Sorry for dragging on, I just wanted an honest opinion from someone other than friends or family who knows the whole situation.
Im with @Curious. Men make stupid mistakes all the time. Especially when they are drinking. We all want to feel like we still got "it".
Im totally NOT condoning it, in any way shape or form. What he did was wrong, and hurtful. Id be really pissed to. My xh cheated on me before we were married, and I chose to stay. He seemed really sorry, we talked about it... alcohol was a factor as well.
I think counselling is a good idea. It will help you get over the mad. And he's got to understand that your are going to be very wary and untrusting for a while. Just remember if you choose to stay and work on it, you cant throw it in his face at every fight.

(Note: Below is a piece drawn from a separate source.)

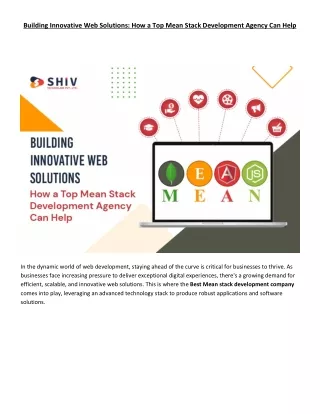 Building Innovative Web Solutions How a Top Mean Stack Development Agency Can Help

Thanks so much for your quick responses and perspective on this!
One of the hardest parts is that now I'm questioning everything.... about us, about me. I feel so insecure and like I'm going crazy. I am never an insecure person but I feel like I'm just not good enough or something. I honestly feel like I have to be perfect now or he will look elsewhere. Maybe it just takes time, Idk.....
Did you tell him what you knew or did you ask him to confess because you knew he was up to no good? I guess once my trust is broken I'm instantly a skeptic of everything you say from that point on. I wouldn't beleive that there wasn't any kissing or "more." I do recommend you go see a counselor. They're great.
I caught my husband lying to me while I was pregnant. He had changed the name of his Ex in his phone to "Chad" so I wouldn't get suspicious but he chatted with her daily to the point where he even stayed in the truck for an hour once after he got home from work to talk to her. My kids are 17 months old and he still hasn't earned my trust back. He isn't allowed any communication with her and I have full rights to check his phone, email, FB, or whatever whenever. It's his way of proving to me he isn't doing anything wrong. It still hurts and bugs me. His excuse is he wasn't attracted to me pregnant.... awesome. Way to make me feel wonderful.
I'd say it takes time but I think it takes open communication and counseling. You can forgive but you will never forget. You also won't ever trust him again completely.
Its like a swift kick to the gut. It knocks the wing right out of you. But you have to know, its not you. Its him. He has to figure out what the hell made him even considering going there. Was it just that rush of having someone pay attention to him? Was she someone he knew from before? Did they just meet?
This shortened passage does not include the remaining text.